The wind rose against us as we returned and blew a gale. We took four hours to make a journey that the other way, before the wind, had taken little more than two. Between Brunn and Prague the aeroplane swayed and danced like a kite on its string, and ever and again found an air pocket and dropped a few score feet. But though I am but a moderate sailor, I do not get air-sick; and to sit loose and lax and unafraid, strapped into an open aeroplane, drenched in sweet air, is altogether different from being enclosed in an air omnibus. I had rather be four hours in an open aeroplane in a high wind than two in an automobile on a bad road or one in a Channel steamboat on a rough day.
Those two flights in Slovakia are among the very happiest experiences I have ever had in my life. And it irks me to think that, because of the incoherent muddle of human affairs, things go so slowly that I shall probably never be able to go round the world in the same delightful fashion, and fly over the deserts of Arabia and the plains of India, and down the gorges of the Yang-tse-Kiang. All these things I might do in a saner world. The places exist, the discoveries have been made, but a magic net of rivalries, obstructions, and vile preoccupations, delays the consummation of these bright possibilities. A happier generation will have all these pleasures within its reach. Such an aeroplane as the one I flew in need not cost more than a Ford car, even now, and it is almost as easy to fly as it is to drive an automobile.

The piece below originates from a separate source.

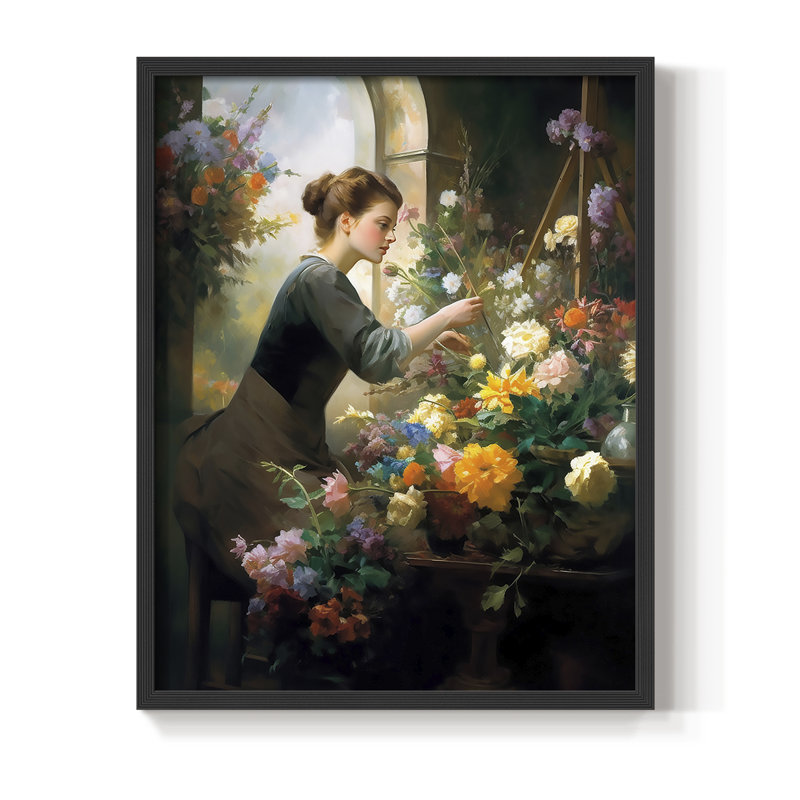 Reproduction encadrée WOMEN Series CD XXXVII - bois massif, Noir, noir, noir, noir, H 30 po x l 24 po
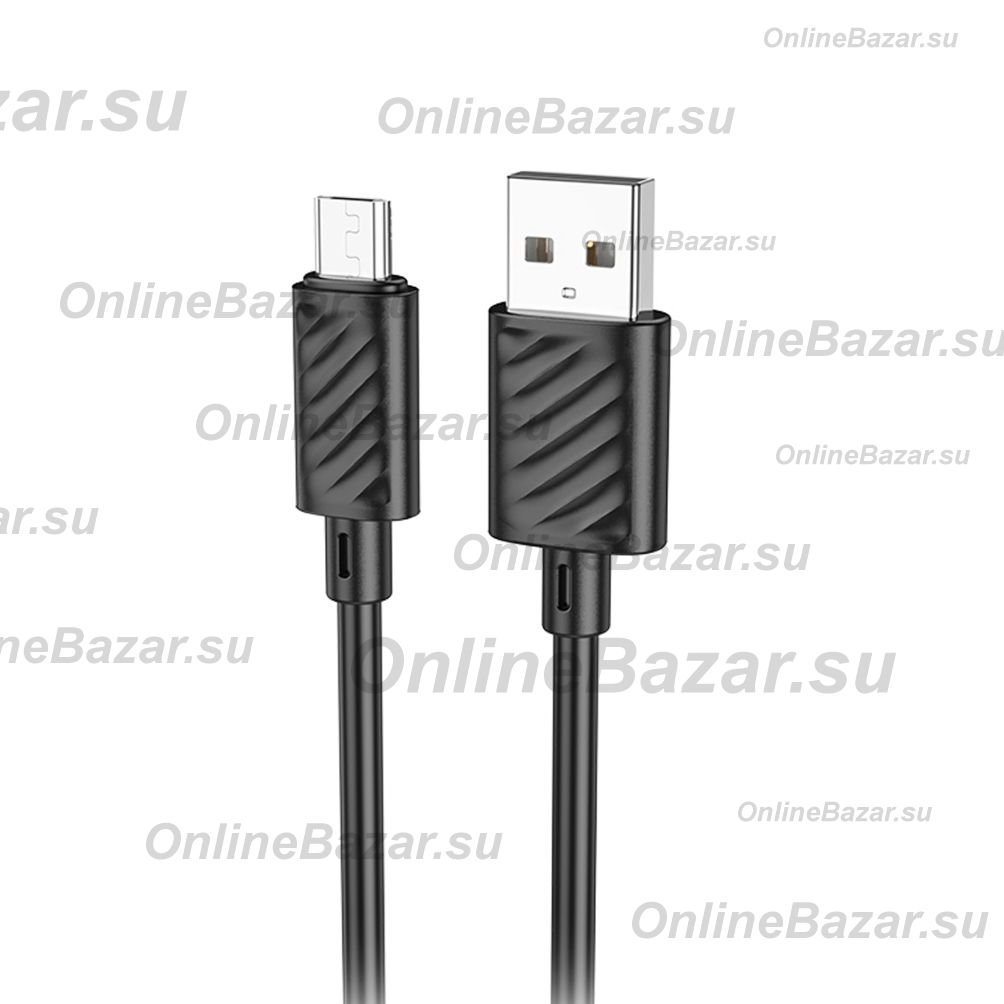 Кабель USB MicroUSB <черный> ― OnlineBazar.su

But, of course, all such things must wait, and civilisation must wait, until M. Poincaré has collected the claims of France upon Germany or smashed up Europe. It is so much more important, you understand, to collect these legendary, impossible debts, that one little scrap of Europe has figured up against another little scrap of Europe, than to get on with living. The Germans must not be allowed to develop their air services; that would never do for the politicians; and, indeed, every European country must do all it can to restrain the air development of every other country. We must all get in each other's way; that is the "common sense" of national "policy." Why else are we all boxed up in little separate sovereign States? And so you and I, Dear Reader, will never get more than such brief samples and intimations of the happiness we might have in the air, and most people now alive in the world will never get to flying at all. They will die and never know. They will grub along the earth's surface and die with this great delight almost within their reach, taunting them by its humming passage across their sky.